## [Task item]
Pictures are not part of the copy. Write out exactly the lines from the line with "Slip-On  Hazar" through the end of the entries below.

## [Supplied records]
○ ○ ○

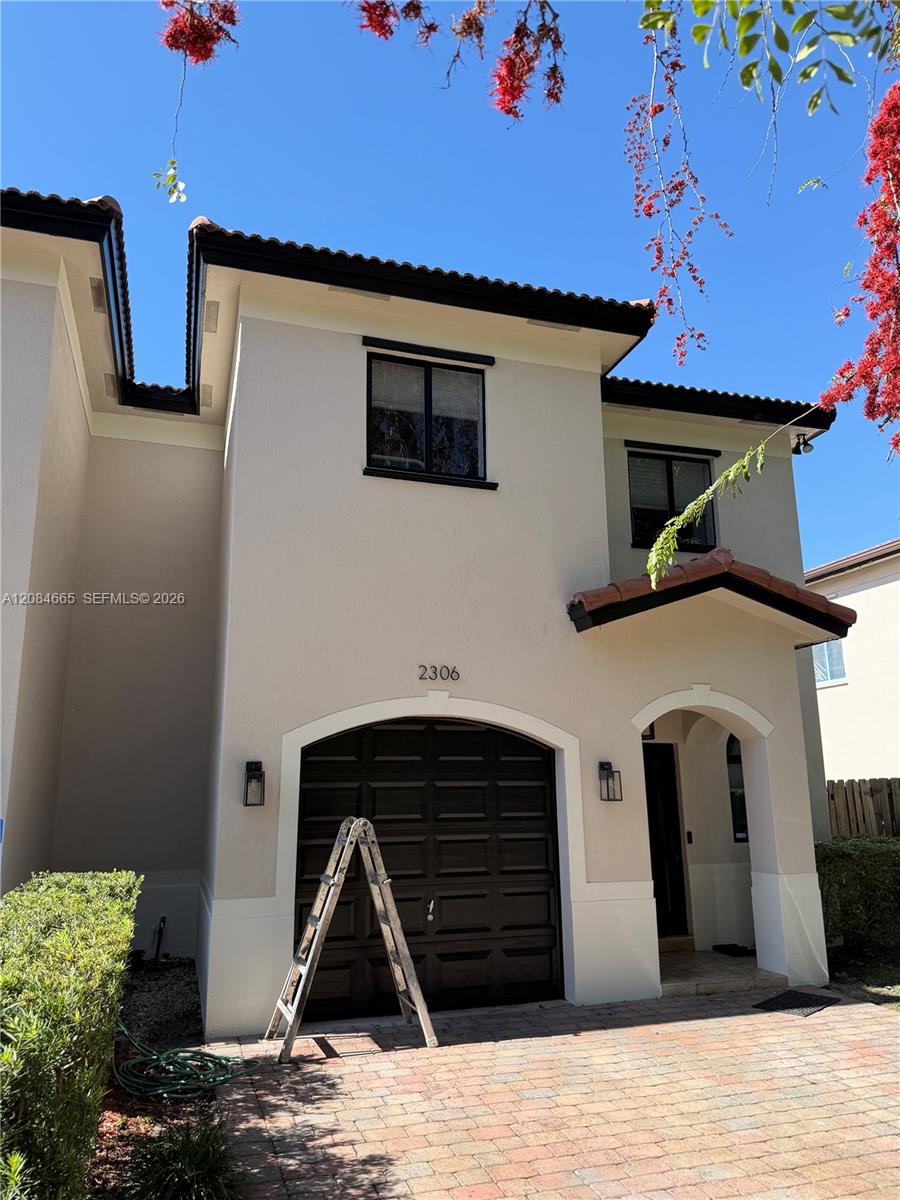 2306 SW 36th Ave # 2306 — Photo 3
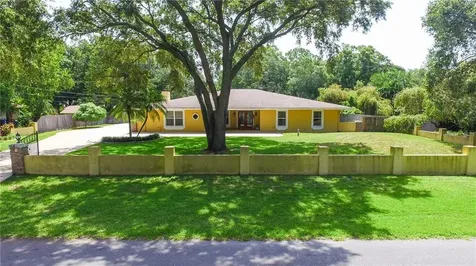 7911 Spring Valley Drive Tampa FL 33615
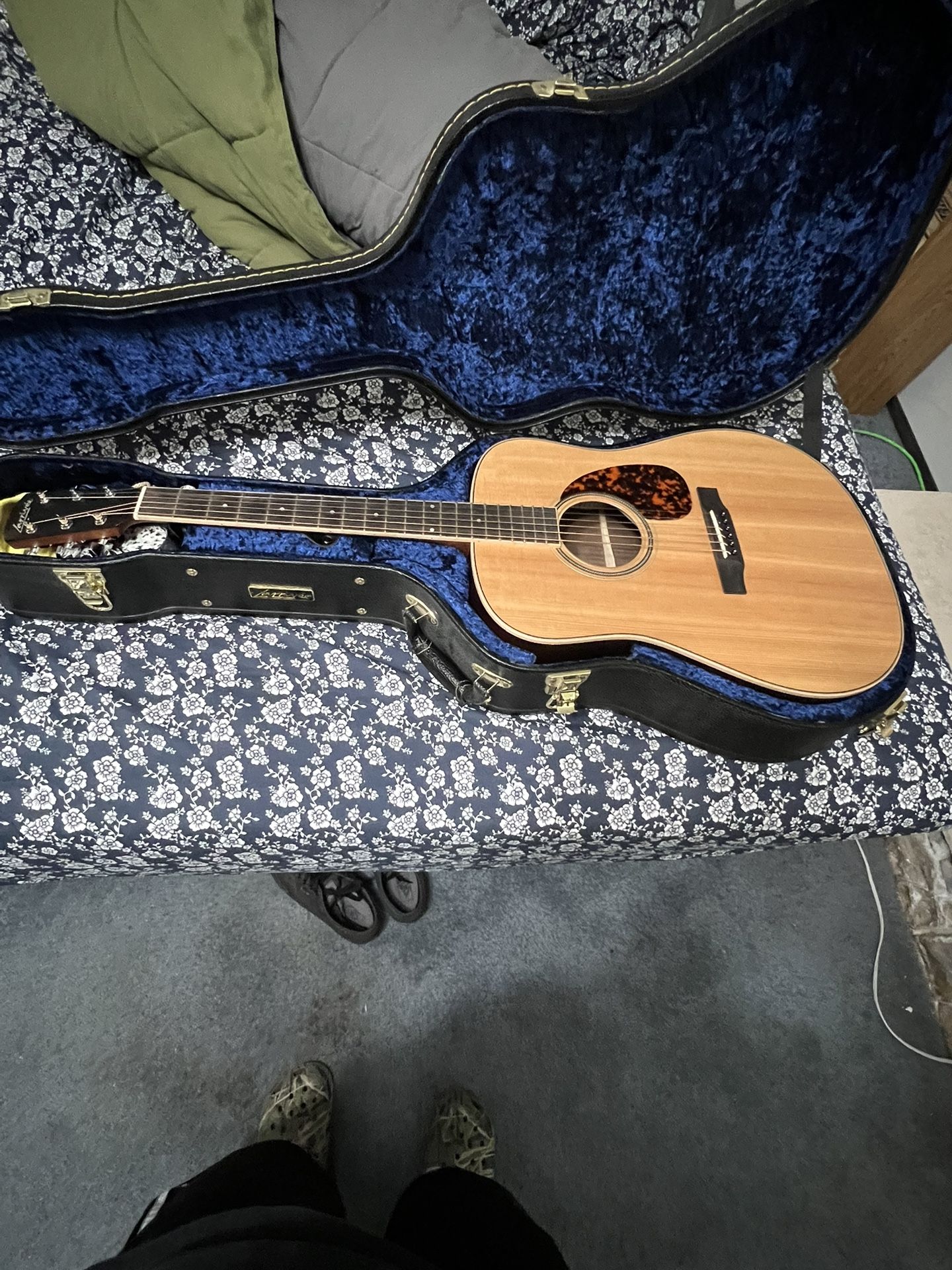 Larrivee D-03R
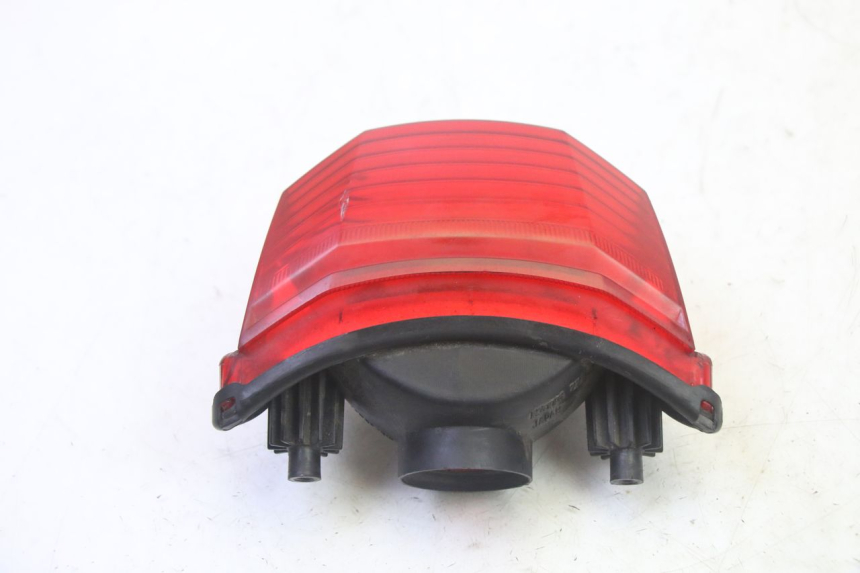 photo de FANALE STOP POSTERIORE  YAMAHA FZ6 N FAZER 600 (2004 - 2006) - Stato della superficie e materiale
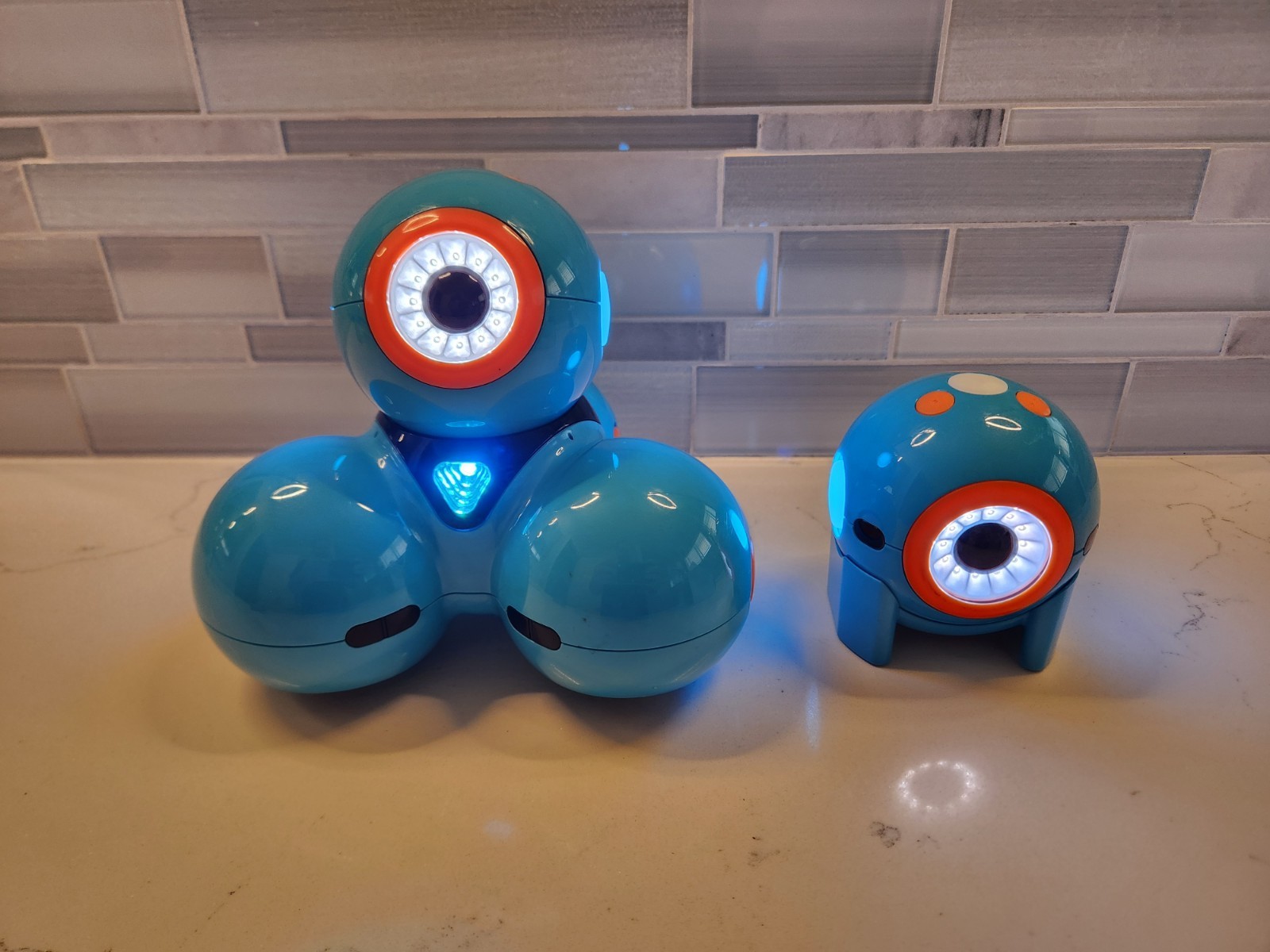 Wonder Workshop Dash & Dot Smart Robot For Curious Minds STEM Coding Toy Set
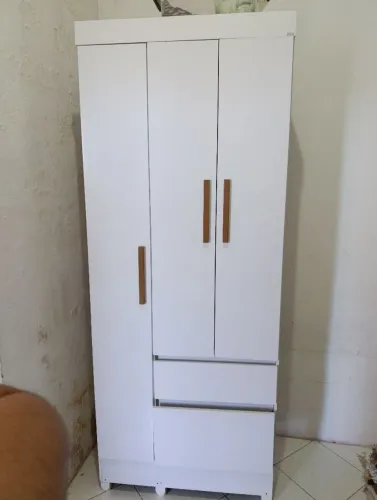 Guarda Roupa - bem conservado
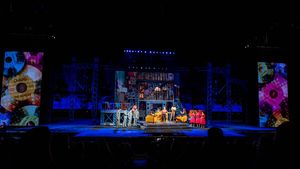 Sara Sheperd and the cast  Photo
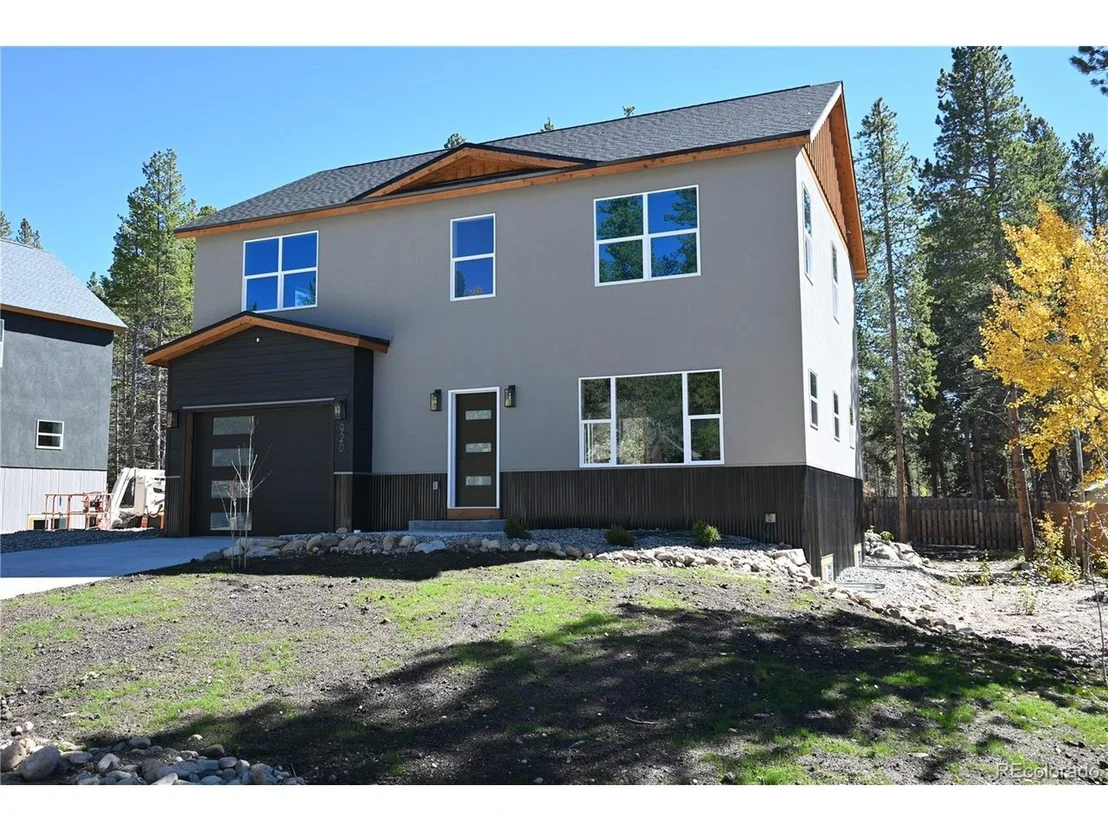 Photo of 920 Copper Dr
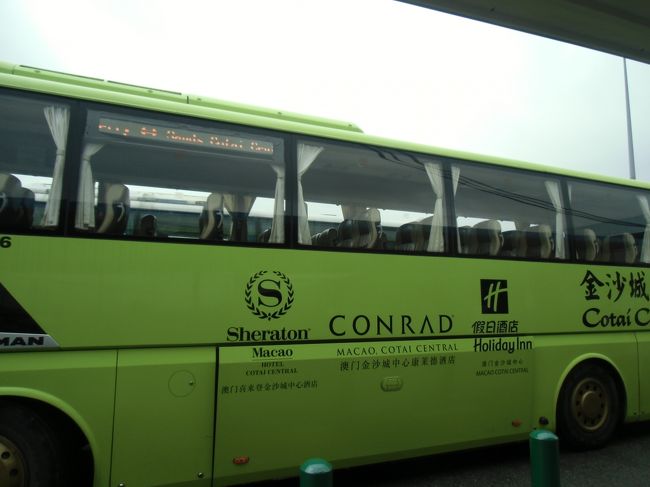 バスがやって来た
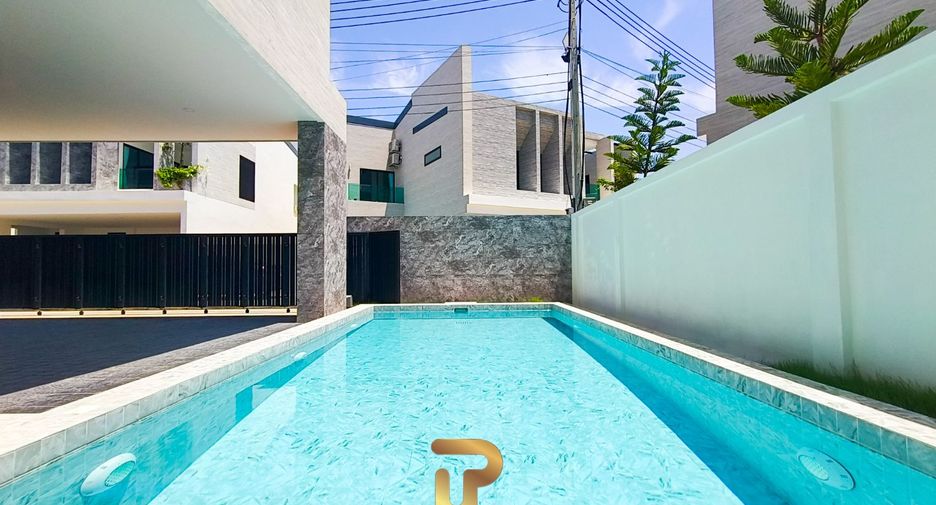For sale 5 bedrooms villa in Huay Yai, Pattaya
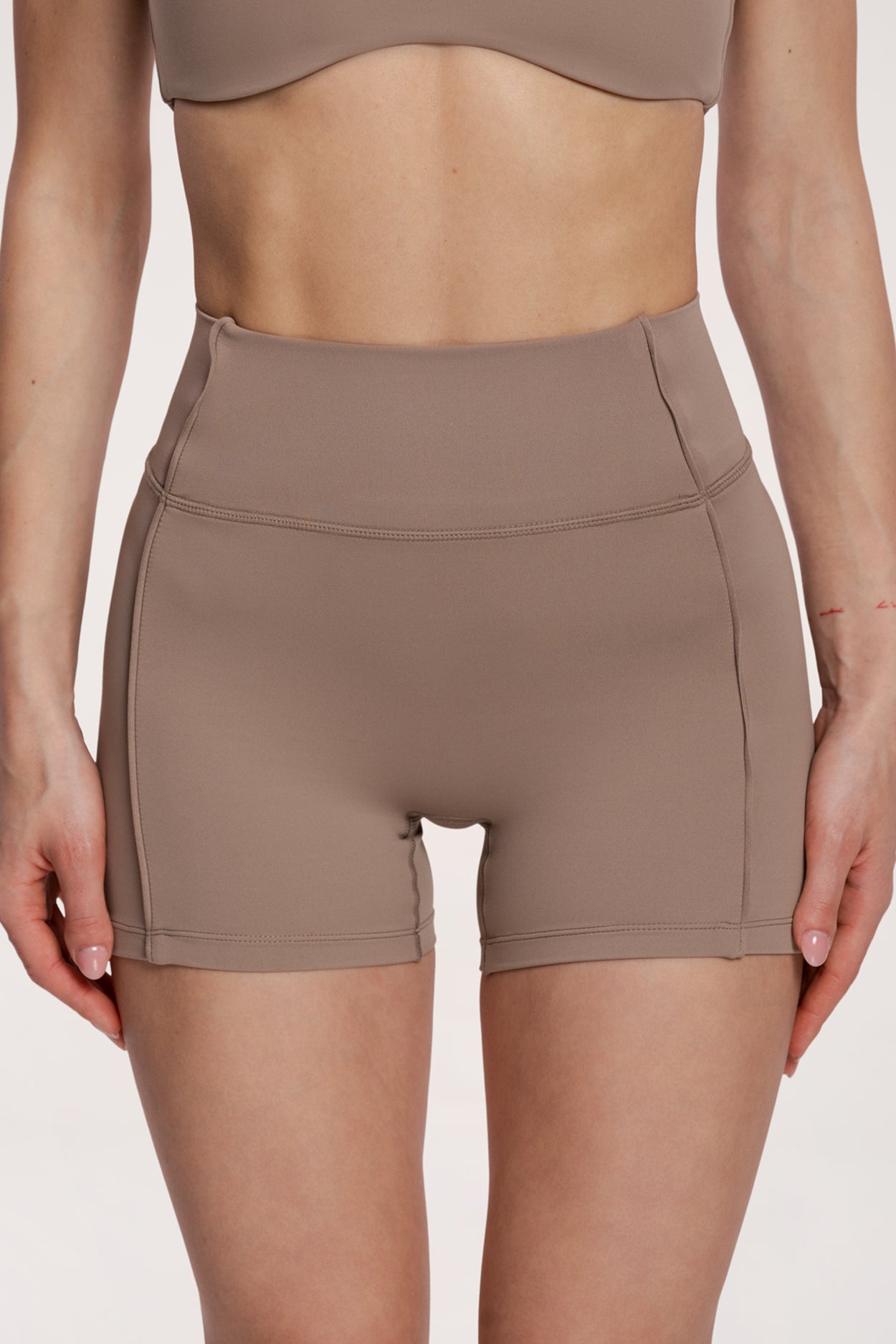 Kratke hlačice pilates era warm beige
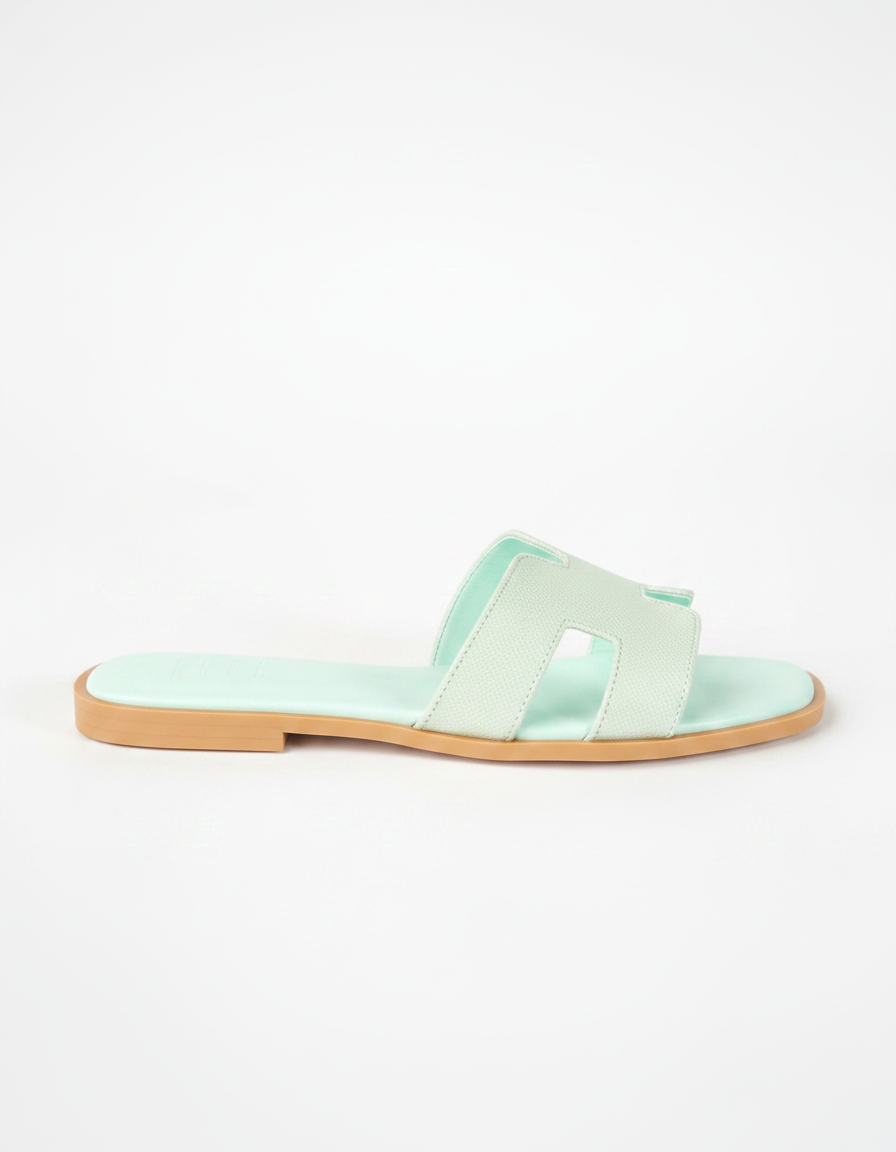 Slip-On  Hazar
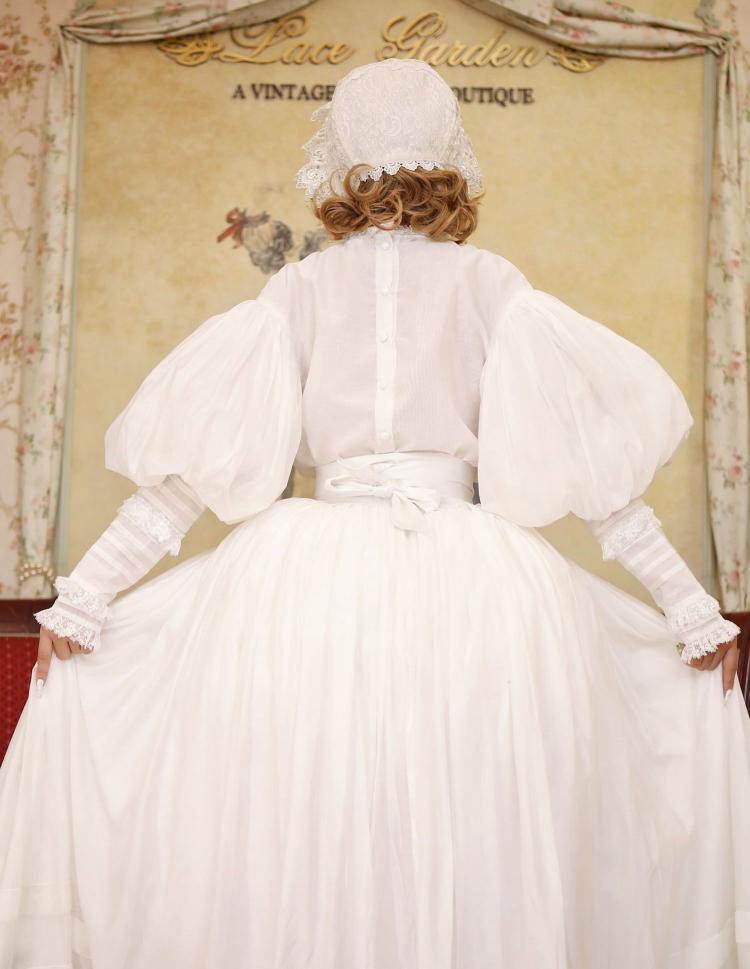 Weiße Bluse mit Lammkeulenärmeln und weißer Rock im langen Set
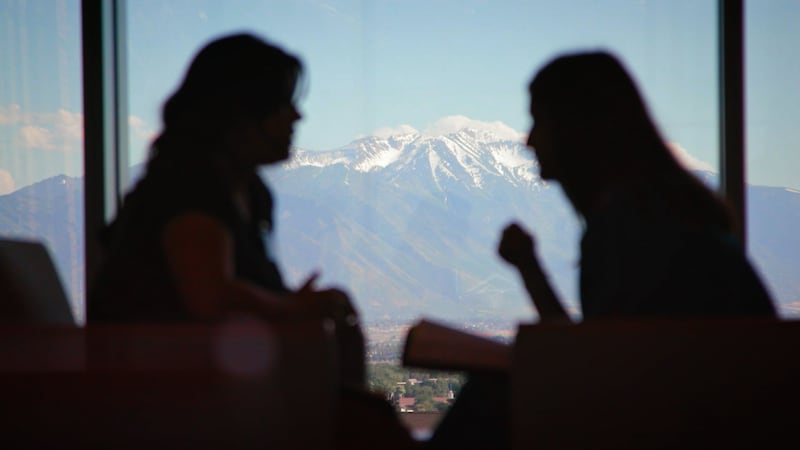 Des missionnaires discutent avec les monts Wasatch en arrière-plan lors du tournage d'une nouvelle vidéo au centre de formation missionnaire de Provo.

○ ○ ○

## [Solution to this exercise]
 Slip-On  Hazar
 Weiße Bluse mit Lammkeulenärmeln und weißer Rock im langen Set
 Des missionnaires discutent avec les monts Wasatch en arrière-plan lors du tournage d'une nouvelle vidéo au centre de formation missionnaire de Provo.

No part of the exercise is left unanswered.